İbn-i Teymiyye Tevessülü Kabul ediyor
İbn Teymiyye, önceki görüşünü değiştirerek ölmeden önce son görüşü olarak Hazreti Peygamber Efendimiz vâsıta kılınarak duada faydalanabileceğini söylemiştir.
İbn Teymiyye’nin talebesi İbn Kesîr: İbn Teymiyye’nin devlet ve ulemânın huzurunda, tevessül ile ilgili görüşünden kendi isteğiyle vazgeçip bir insanın duasında Resûlullah’dan faydalanma şeklini kabul ettiğini, ama istigâse’nin haram olduğu görüşüne devam ettiği sözünü bizlere nakletmiştir. [1]
..شكي الصوفية بالقاهرة علي الشيخ تقي الدين…
لكنه قال لا يستغاث إلا با الله, لا يستغاث با النبي استغاثة بمعني الابارة ولكن يتوسل به ويتشفع به إلي الله.

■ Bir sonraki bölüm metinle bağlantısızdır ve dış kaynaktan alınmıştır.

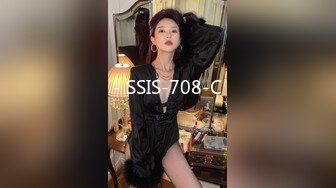 《顶级网红订阅》群狼求档Onlyfans百万粉丝撸铁健身教练Ellie私拍，与金主各种性爱自拍，前凸后翘身材无敌 (1)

“Lâkin O şöyle dedi: Ancak Allah’la istiğase edilir, Nebi ile ibare manasıyla istiğase edilmez, fakat onunla tevessül edilir ve o Allah’a şefaatçı kılınır”
İTİRAZ
Bu nakilde İbn-i Teymiyye’nin iddia edilen görüşünden “döndüğü,” hem de bunu “kendi isteğiyle” yaptığı nereden ve ne şekilde çıkarılmaktadır?
İbn-i Kesir’in yaptığı nakildeki “Onunla tevessül edilir ve Allah’a karşı şefaatçi kılınır.” sözünün anlamı şudur:
“Sahabenin sözlerinde, Nebi aleyhisselam ile tevessül edip onunla teveccühte bulunmak, onun duası ve şefaatiyle tevessül etmeyi kasdetme manası taşımaktadır.”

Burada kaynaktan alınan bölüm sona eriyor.